伯耆坊:大山に棲む大天狗。髪が長く、青年のような顔立ちをしている。以前いた相模坊という天狗の後任で山の神となった天狗で、性格は女たらしで男に対する扱いはいい加減。そのため、”意地の悪い天狗”という噂を迦楼羅は聞いていたらしい。

日和坊:深山にいる妖怪。岩からお坊さんのような顔を浮き出して話す妖怪で、元は現在の茨城県に出没する妖怪だが、今回は作中に出てくる岩山の事もあって、この地で登場させた。


「へぇ、この寺。割と綺麗にできてやがんな!」

迦楼羅が、その境内を見渡しながら感心をしていた。

あれから東京から汽車に乗って横浜区へ向かい、そこから更に西へ向かって中郡(=現在の伊勢原市・厚木市・秦野市全域)にある寺を訪れていた。地元に住む村人の話だと、その寺は大山寺と呼び、今から4年前に別の寺と合併して、今の形になったらしい。

 迦楼羅にとっては、自分が仕える者のための建築物っていうのが、不思議なんだろうなぁ…

境内のあちこちを見渡している迦楼羅を見ながら、八那はそんな事を考えていた。

「僕も、新しいお寺を見るのは初めてだなぁ…!」

「あら?正志郎は江戸時代に生まれているから、お寺は見たことがあるんじゃないの?」

寺を初めて目にする豆腐小僧の正志郎だったが、彼の生まれた時代(とし)を聞いていた八那は疑問を感じていたようだ。
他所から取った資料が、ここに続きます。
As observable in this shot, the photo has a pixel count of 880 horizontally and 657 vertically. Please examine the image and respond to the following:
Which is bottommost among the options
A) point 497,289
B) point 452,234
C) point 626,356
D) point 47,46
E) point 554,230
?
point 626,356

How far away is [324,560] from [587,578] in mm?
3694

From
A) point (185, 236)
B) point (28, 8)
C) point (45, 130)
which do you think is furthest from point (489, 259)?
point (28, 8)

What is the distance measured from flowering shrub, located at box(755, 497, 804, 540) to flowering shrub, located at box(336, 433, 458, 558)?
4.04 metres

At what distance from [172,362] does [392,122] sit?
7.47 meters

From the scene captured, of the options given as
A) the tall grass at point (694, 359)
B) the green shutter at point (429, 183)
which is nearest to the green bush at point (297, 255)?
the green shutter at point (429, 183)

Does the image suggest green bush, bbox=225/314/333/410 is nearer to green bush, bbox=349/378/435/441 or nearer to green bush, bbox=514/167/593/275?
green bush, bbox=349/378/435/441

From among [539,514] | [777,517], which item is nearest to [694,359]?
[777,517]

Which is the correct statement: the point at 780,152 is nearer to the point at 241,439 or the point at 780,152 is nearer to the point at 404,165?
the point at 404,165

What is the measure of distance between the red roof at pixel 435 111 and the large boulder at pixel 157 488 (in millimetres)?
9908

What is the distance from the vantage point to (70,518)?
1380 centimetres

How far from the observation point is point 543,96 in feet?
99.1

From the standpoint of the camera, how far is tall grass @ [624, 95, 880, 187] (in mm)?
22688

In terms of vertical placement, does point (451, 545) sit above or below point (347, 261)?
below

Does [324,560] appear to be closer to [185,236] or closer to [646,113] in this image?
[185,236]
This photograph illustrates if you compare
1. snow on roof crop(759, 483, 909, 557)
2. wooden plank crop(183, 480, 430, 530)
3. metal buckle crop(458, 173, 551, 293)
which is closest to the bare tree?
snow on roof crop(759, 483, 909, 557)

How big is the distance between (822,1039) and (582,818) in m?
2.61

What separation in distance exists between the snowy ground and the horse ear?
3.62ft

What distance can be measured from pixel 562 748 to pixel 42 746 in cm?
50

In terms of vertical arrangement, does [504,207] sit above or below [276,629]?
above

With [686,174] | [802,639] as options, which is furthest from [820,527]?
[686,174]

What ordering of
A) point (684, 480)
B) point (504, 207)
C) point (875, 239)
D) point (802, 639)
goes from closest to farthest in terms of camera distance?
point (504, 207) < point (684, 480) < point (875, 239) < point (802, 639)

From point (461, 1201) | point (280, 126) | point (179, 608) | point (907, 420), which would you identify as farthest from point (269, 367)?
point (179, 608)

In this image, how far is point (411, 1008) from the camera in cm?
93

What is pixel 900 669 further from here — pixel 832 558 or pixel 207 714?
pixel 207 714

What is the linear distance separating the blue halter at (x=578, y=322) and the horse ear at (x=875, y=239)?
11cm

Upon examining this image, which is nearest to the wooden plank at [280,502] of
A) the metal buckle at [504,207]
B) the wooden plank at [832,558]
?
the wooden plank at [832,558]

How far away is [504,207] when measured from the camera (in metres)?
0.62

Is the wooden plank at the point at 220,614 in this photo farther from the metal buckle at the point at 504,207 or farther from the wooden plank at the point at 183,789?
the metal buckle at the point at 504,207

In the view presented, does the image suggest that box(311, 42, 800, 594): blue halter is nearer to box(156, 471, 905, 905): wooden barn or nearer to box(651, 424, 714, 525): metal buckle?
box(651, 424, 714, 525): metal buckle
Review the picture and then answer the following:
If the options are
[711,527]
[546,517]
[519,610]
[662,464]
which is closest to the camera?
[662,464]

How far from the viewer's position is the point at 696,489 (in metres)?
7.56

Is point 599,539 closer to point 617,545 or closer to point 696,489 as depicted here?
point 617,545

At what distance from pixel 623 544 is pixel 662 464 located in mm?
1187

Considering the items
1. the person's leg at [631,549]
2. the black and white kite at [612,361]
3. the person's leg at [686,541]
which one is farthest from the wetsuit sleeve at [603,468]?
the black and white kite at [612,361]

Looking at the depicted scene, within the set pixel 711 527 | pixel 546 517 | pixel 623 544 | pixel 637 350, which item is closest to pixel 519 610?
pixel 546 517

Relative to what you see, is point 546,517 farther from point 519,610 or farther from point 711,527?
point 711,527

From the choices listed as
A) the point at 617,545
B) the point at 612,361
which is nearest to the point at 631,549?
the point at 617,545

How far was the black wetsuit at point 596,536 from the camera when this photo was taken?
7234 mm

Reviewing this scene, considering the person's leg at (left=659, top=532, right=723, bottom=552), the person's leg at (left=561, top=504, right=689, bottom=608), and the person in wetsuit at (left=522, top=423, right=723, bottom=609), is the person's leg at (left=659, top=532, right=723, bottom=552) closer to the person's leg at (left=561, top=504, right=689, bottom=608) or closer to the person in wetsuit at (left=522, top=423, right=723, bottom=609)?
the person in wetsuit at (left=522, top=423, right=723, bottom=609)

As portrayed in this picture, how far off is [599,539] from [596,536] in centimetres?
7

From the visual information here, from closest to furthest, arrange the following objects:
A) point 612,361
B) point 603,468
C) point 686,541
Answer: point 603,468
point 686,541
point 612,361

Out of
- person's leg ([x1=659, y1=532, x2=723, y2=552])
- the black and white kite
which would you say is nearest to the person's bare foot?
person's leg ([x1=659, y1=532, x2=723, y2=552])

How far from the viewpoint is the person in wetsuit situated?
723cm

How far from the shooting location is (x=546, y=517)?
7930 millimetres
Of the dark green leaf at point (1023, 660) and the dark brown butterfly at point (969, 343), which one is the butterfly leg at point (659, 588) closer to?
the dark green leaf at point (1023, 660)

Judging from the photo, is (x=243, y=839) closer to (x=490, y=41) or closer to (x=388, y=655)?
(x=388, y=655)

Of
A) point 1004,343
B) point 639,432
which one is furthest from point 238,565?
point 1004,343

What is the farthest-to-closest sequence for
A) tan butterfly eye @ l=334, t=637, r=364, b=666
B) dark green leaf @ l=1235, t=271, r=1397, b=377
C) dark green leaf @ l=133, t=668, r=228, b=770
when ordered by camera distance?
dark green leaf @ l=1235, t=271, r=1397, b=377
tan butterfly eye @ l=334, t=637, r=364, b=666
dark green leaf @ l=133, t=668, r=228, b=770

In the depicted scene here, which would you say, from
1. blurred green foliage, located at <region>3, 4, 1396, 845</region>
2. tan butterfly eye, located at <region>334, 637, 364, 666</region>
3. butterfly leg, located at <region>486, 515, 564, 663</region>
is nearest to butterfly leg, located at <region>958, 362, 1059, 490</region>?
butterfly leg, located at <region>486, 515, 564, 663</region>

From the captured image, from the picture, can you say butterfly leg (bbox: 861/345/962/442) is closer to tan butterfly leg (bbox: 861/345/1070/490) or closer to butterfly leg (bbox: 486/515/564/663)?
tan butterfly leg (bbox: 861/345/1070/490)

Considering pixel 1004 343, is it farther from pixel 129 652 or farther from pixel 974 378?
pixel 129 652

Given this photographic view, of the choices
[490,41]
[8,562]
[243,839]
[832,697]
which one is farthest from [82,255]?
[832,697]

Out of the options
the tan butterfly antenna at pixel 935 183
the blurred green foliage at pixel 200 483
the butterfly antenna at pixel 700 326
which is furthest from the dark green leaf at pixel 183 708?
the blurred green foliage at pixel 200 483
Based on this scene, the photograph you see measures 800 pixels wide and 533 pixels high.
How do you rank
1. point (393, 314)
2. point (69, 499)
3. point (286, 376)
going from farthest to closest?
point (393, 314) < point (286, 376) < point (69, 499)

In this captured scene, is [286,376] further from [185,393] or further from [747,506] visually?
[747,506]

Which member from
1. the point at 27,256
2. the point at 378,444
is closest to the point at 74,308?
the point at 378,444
「うん。確かに、父ちゃんに連れて行ってもらったことはある!でも、江戸といっても、幕府がなくなる少し前とかだったから、寂れてきていたお寺しか見たことがないんだよねー」

八那の視線に気づいた正志郎は、瞳を輝かせた状態で、問いに答える。

因みに正志郎は八那よりも背が低く140cm弱くらいの大きさで見えないため、高さのある本堂なんかは、鳶に肩車をしてもらいながら眺めていたのである。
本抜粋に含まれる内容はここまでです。